中山とセンターバックのコンビを組む冨安は、「2失点目はいらなかった」と悔しそうに語り、こう続ける。

「最悪0−1でもいいと自分のなかでは考えていたので、2失点目はかなりショック。自分たちが甘かった」

中山はまた、「1点を取りたいという感情だけでプレーをしてしまうのは、避けなければいけなかった」と悔やむ。

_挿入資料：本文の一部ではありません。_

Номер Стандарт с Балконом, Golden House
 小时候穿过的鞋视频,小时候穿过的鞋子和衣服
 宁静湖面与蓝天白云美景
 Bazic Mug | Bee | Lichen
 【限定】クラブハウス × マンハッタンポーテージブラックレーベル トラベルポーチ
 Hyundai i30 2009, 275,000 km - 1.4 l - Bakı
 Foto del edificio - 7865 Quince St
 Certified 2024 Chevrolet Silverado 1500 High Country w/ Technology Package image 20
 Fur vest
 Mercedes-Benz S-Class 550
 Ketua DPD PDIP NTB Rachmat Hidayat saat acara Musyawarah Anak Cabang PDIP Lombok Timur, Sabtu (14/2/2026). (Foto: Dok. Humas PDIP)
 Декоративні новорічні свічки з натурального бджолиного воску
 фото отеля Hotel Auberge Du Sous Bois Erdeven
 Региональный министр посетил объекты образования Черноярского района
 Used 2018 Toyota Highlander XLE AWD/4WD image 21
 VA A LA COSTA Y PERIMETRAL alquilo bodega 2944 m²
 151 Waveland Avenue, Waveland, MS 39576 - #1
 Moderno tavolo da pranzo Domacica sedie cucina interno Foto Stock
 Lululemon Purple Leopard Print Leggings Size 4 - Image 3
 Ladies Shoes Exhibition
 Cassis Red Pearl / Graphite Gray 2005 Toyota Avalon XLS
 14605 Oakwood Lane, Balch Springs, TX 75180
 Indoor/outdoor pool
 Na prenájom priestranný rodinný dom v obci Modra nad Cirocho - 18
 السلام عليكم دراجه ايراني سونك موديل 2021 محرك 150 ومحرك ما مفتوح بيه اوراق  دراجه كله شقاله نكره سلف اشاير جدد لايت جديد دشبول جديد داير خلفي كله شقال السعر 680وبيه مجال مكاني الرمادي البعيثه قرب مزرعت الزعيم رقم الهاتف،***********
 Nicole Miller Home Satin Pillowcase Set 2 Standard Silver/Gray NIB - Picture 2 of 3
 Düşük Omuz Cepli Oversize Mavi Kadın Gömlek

1点を失った後の日本は、グループリーグ3試合をトータルでマネージメントするという意味では、拙い試合運びだったと言わざるをえない。目の前の1勝、あるいは勝ち点1を目指すひたむきさは大事だが、愚直なだけではこうした大会は勝ち上がれない。

この結果、日本の得失点差はマイナス1となった。もちろん、グループリーグ第3戦に勝利すれば問題はなく、自力で2位以上を確定することができる。しかし、もしも敗れれば、得失点差は少なくともマイナス2までは落ちることになり、3位でのグループリーグ通過は微妙なラインになってくる。

しかも、第3戦の相手はイタリア。初戦ではウルグアイに0−1で敗れはしたものの、今大会屈指のハイレベルな攻防を展開しており、実力的に言えば日本よりも上。第2戦では、日本が苦しんだ南アフリカを2−0で一蹴している。そんな相手に勝利する、あるいは引き分けなければいけないという状況は、かなり厳しい。

この状況に思い出されるのは、奇しくも同じ韓国で開かれた2007年のU−17W杯である。

柿谷曜一朗(セレッソ大阪)、齋藤学(横浜F・マリノス)らを擁した、当時のU−17日本代表は、初戦でハイチに先制を許しながら、3点を奪い返して3−1の逆転勝ち。だが、第2戦でナイジェリアに0−3の完敗を喫すると、引き分けでも2位通過が決まる第3戦でフランスに1−2の逆転負け。勝ち点3の得失点差マイナス2でグループ3位となり、わずか得失点差1の差で決勝トーナメント進出を逃している。

試合ごとの展開や2試合を終えた時点での状況が、10年前の大会と非常に似ている今大会。なにやら悪い予感もしてしまう。

ただし、10年前と違うのは、相手のイタリアが日本と引き分けても2位通過を決められることだ(勝ち点4で日本と並ぶが、得失点差で上回る)。

引き分けなら、日本も勝ち点を4に伸ばし、3位での通過をほぼ確実にできるだけに、お互いにとって悪い結果ではない。イタリアが手堅く守備を固め、世界屈指のリアリストらしく最大限にリスクを排除した戦いに徹してくれれば、日本にとっても(引き分ければいいという意味では)戦いやすくなるだろう。

今大会に出場している20歳以下の選手たちは、3年後に控えた東京五輪での中心となる世代だけに、世界レベルの試合をひとつでも多く経験してもらいたいところだが、果たして、日本は決勝トーナメントに進出することができるのだろうか。

ウルグアイ戦の2点目がなければ……。そんな結末にならなければいいのだが。

勝負のイタリア戦は5月27日、現地20時キックオフである。